The game portrays the Russian people as people, given voices and distinctive personalities sort o than treating them as cannon fodder for the Red Army's military machine

This representation doesn't feel like sass service either. For what little sort time they have, Polina's father and brother are sympathetic, empathetically drawn characters. And while IT's clear what the mission's final destination is from the moment the coffee is poured, Stalingrad Summer doesn't survive straight for the jugular as earlier games in the series may have cooked.

Rather, Stalingrad Summer takes its time tearing downwardly that which IT has built. Things begin looking less rosy the moment Polina leaves the courtyard in battlefront of her apartment. As she scrambles across the rooftops to get to her deployment, the pleasures of civil life slow fall away, replaced with disconcerting military order. We find out columns of tanks snarling up the roadstead, elaborate fortifications being improved from sandbags, and lines of military tents that stretch for hundreds of yards done Stalingrad's central square.

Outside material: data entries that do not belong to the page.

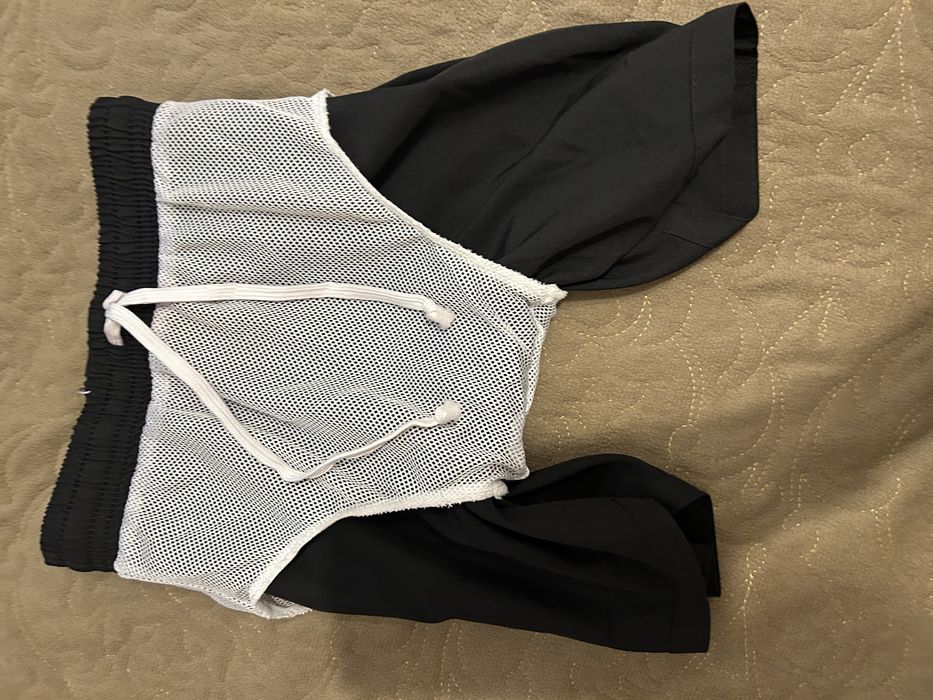 детские плавки примерно с 3до5лет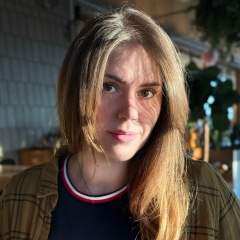 Виктория Ульяшина, 27.06, Красногорск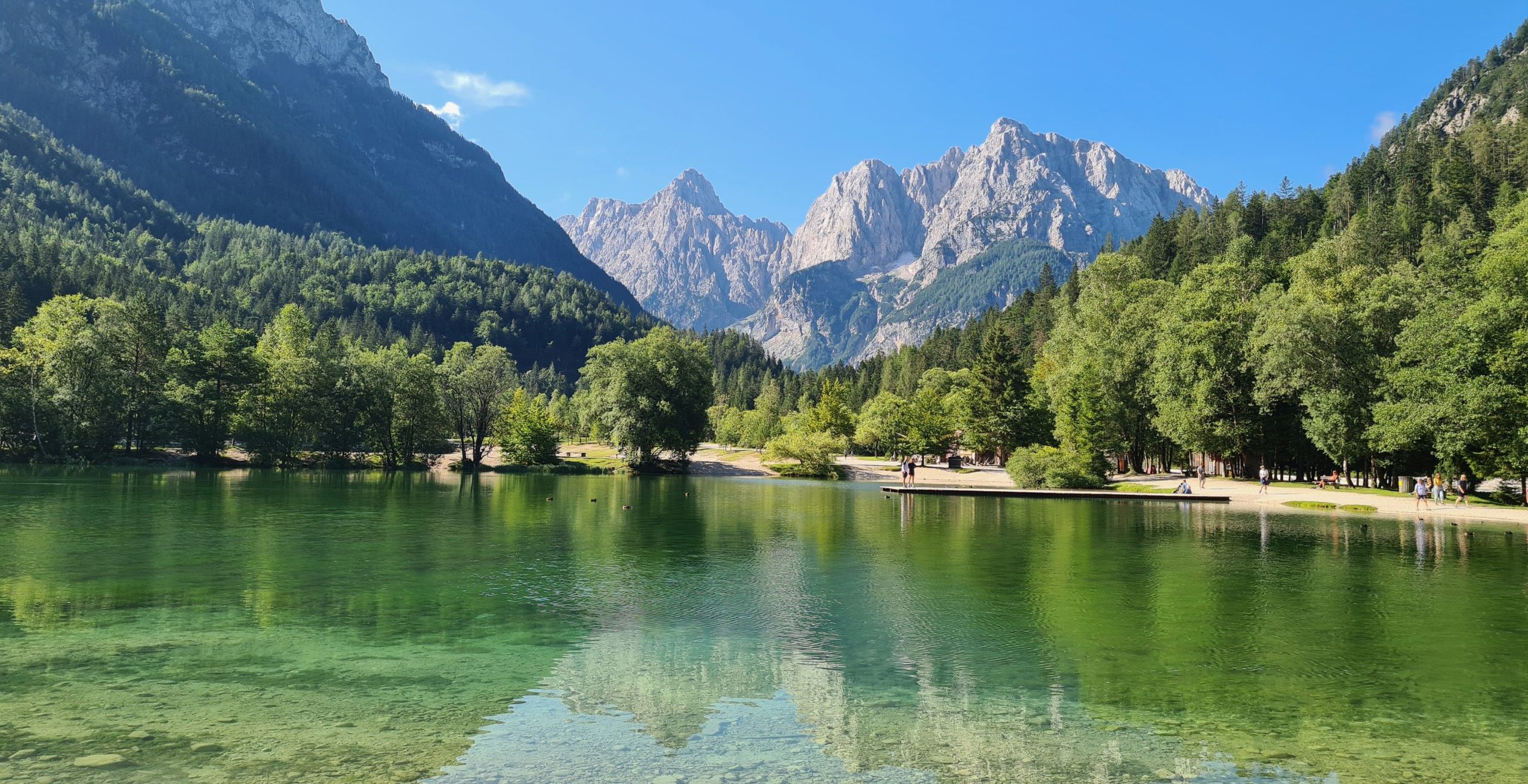 20230729_092244_Femke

(Image credit: Activision)

It's clear the engagement the Ruby-red Army is preparing for is much more world-shattering that IT seemed while sat at the coffee table, and the reality of what's to fall begins to slump in. Yet when the fireworks finally flare, it however comes as a ball over. As Polina arrives at her deployment, Vanguard gives you a abbreviated warning of the impending assault in the form of two flowing silhouettes in the sky, and then all perdition breaks friable.

I won't go into detail most what happens in the last mentioned partially of Stalingrad Summertime, but the moments after the Nazi assault begins are easily the most prominent and affecting moments in the campaign thusly far, as the life history Polina has known is ripped away in a smattering of seconds. The mission that follows is a standard Address of Duty affair, but the time arrogated to build up both Stalingrad as a place and the people surrounding Polina lends an urgency and emotive drive to your actions that the campaign's Sir Thomas More generic objectives elsewhere do non. It actually highlights the cost paid by the city connected the Volga better than a whole lot of separate fictitious portrayals around the combat.

It's been a patc since Call of Duty made me care almost the conflict it portrays, only Stalingrad Summertime is a genuinely compelling bit of World War Two drama. Indeed, part of me wishes the integral campaign focussed on Polina and her home, rather than bouncing around totally over the place as is Call of Duty's wont. In whatsoever case, I'll be intellection about that cup of coffee for much time to come, and not just because it looked genuinely delicious.